:: WORK ORDER ::
Below are records that must be duplicated exactly.

:: GIVEN RECORDS ::
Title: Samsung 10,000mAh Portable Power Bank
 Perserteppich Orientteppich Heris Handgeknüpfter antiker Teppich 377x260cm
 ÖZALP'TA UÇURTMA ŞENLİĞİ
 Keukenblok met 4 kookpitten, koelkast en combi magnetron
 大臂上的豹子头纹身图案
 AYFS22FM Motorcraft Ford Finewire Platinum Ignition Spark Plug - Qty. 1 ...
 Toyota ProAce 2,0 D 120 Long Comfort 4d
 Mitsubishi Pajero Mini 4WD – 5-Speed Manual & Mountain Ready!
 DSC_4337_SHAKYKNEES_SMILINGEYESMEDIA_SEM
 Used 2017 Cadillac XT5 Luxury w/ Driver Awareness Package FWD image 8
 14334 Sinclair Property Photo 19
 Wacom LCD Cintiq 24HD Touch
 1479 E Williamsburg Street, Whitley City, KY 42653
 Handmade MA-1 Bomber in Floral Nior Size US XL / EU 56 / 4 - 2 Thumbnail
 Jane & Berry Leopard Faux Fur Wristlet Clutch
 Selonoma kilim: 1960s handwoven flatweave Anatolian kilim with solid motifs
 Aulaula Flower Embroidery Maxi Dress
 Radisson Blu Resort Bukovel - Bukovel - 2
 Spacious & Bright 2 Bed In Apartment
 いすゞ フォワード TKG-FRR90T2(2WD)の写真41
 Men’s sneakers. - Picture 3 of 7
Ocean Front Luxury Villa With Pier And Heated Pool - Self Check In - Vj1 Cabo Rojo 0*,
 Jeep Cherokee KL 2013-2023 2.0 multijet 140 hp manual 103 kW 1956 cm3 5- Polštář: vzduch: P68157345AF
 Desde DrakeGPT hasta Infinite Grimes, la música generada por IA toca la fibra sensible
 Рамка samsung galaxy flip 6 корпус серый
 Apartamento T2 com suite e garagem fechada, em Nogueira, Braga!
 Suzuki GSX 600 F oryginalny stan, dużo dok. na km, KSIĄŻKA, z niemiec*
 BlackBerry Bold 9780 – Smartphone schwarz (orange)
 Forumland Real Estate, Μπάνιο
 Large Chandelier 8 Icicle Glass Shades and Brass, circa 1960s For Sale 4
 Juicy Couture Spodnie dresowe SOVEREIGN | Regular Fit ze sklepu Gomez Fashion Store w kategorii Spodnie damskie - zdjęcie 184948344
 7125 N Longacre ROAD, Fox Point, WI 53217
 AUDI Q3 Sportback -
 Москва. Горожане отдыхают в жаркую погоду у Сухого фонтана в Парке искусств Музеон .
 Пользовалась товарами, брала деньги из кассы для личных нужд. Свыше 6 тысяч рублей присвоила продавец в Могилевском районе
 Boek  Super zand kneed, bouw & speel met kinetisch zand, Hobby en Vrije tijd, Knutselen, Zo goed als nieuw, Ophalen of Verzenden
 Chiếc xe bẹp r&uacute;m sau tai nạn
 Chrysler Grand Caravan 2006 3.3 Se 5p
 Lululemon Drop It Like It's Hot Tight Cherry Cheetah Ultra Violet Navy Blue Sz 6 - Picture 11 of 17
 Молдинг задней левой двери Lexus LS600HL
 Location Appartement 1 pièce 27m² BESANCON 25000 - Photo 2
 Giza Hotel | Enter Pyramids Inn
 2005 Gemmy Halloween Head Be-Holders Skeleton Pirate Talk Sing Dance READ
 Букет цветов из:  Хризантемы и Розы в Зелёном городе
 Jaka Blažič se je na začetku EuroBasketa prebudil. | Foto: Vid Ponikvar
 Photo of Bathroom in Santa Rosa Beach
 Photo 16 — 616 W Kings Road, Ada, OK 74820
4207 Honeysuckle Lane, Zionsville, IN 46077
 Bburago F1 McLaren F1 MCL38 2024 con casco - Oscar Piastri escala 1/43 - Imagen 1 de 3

:: RESPONSE TO THE TASK ::
Title: Samsung 10,000mAh Portable Power Bank
 Perserteppich Orientteppich Heris Handgeknüpfter antiker Teppich 377x260cm
 ÖZALP'TA UÇURTMA ŞENLİĞİ
 Keukenblok met 4 kookpitten, koelkast en combi magnetron
 大臂上的豹子头纹身图案
 AYFS22FM Motorcraft Ford Finewire Platinum Ignition Spark Plug - Qty. 1 ...
 Toyota ProAce 2,0 D 120 Long Comfort 4d
 Mitsubishi Pajero Mini 4WD – 5-Speed Manual & Mountain Ready!
 DSC_4337_SHAKYKNEES_SMILINGEYESMEDIA_SEM
 Used 2017 Cadillac XT5 Luxury w/ Driver Awareness Package FWD image 8
 14334 Sinclair Property Photo 19
 Wacom LCD Cintiq 24HD Touch
 1479 E Williamsburg Street, Whitley City, KY 42653
 Handmade MA-1 Bomber in Floral Nior Size US XL / EU 56 / 4 - 2 Thumbnail
 Jane & Berry Leopard Faux Fur Wristlet Clutch
 Selonoma kilim: 1960s handwoven flatweave Anatolian kilim with solid motifs
 Aulaula Flower Embroidery Maxi Dress
 Radisson Blu Resort Bukovel - Bukovel - 2
 Spacious & Bright 2 Bed In Apartment
 いすゞ フォワード TKG-FRR90T2(2WD)の写真41
 Men’s sneakers. - Picture 3 of 7
Ocean Front Luxury Villa With Pier And Heated Pool - Self Check In - Vj1 Cabo Rojo 0*,
 Jeep Cherokee KL 2013-2023 2.0 multijet 140 hp manual 103 kW 1956 cm3 5- Polštář: vzduch: P68157345AF
 Desde DrakeGPT hasta Infinite Grimes, la música generada por IA toca la fibra sensible
 Рамка samsung galaxy flip 6 корпус серый
 Apartamento T2 com suite e garagem fechada, em Nogueira, Braga!
 Suzuki GSX 600 F oryginalny stan, dużo dok. na km, KSIĄŻKA, z niemiec*
 BlackBerry Bold 9780 – Smartphone schwarz (orange)
 Forumland Real Estate, Μπάνιο
 Large Chandelier 8 Icicle Glass Shades and Brass, circa 1960s For Sale 4
 Juicy Couture Spodnie dresowe SOVEREIGN | Regular Fit ze sklepu Gomez Fashion Store w kategorii Spodnie damskie - zdjęcie 184948344
 7125 N Longacre ROAD, Fox Point, WI 53217
 AUDI Q3 Sportback -
 Москва. Горожане отдыхают в жаркую погоду у Сухого фонтана в Парке искусств Музеон .
 Пользовалась товарами, брала деньги из кассы для личных нужд. Свыше 6 тысяч рублей присвоила продавец в Могилевском районе
 Boek  Super zand kneed, bouw & speel met kinetisch zand, Hobby en Vrije tijd, Knutselen, Zo goed als nieuw, Ophalen of Verzenden
 Chiếc xe bẹp r&uacute;m sau tai nạn
 Chrysler Grand Caravan 2006 3.3 Se 5p
 Lululemon Drop It Like It's Hot Tight Cherry Cheetah Ultra Violet Navy Blue Sz 6 - Picture 11 of 17
 Молдинг задней левой двери Lexus LS600HL
 Location Appartement 1 pièce 27m² BESANCON 25000 - Photo 2
 Giza Hotel | Enter Pyramids Inn
 2005 Gemmy Halloween Head Be-Holders Skeleton Pirate Talk Sing Dance READ
 Букет цветов из:  Хризантемы и Розы в Зелёном городе
 Jaka Blažič se je na začetku EuroBasketa prebudil. | Foto: Vid Ponikvar
 Photo of Bathroom in Santa Rosa Beach
 Photo 16 — 616 W Kings Road, Ada, OK 74820
4207 Honeysuckle Lane, Zionsville, IN 46077
 Bburago F1 McLaren F1 MCL38 2024 con casco - Oscar Piastri escala 1/43 - Imagen 1 de 3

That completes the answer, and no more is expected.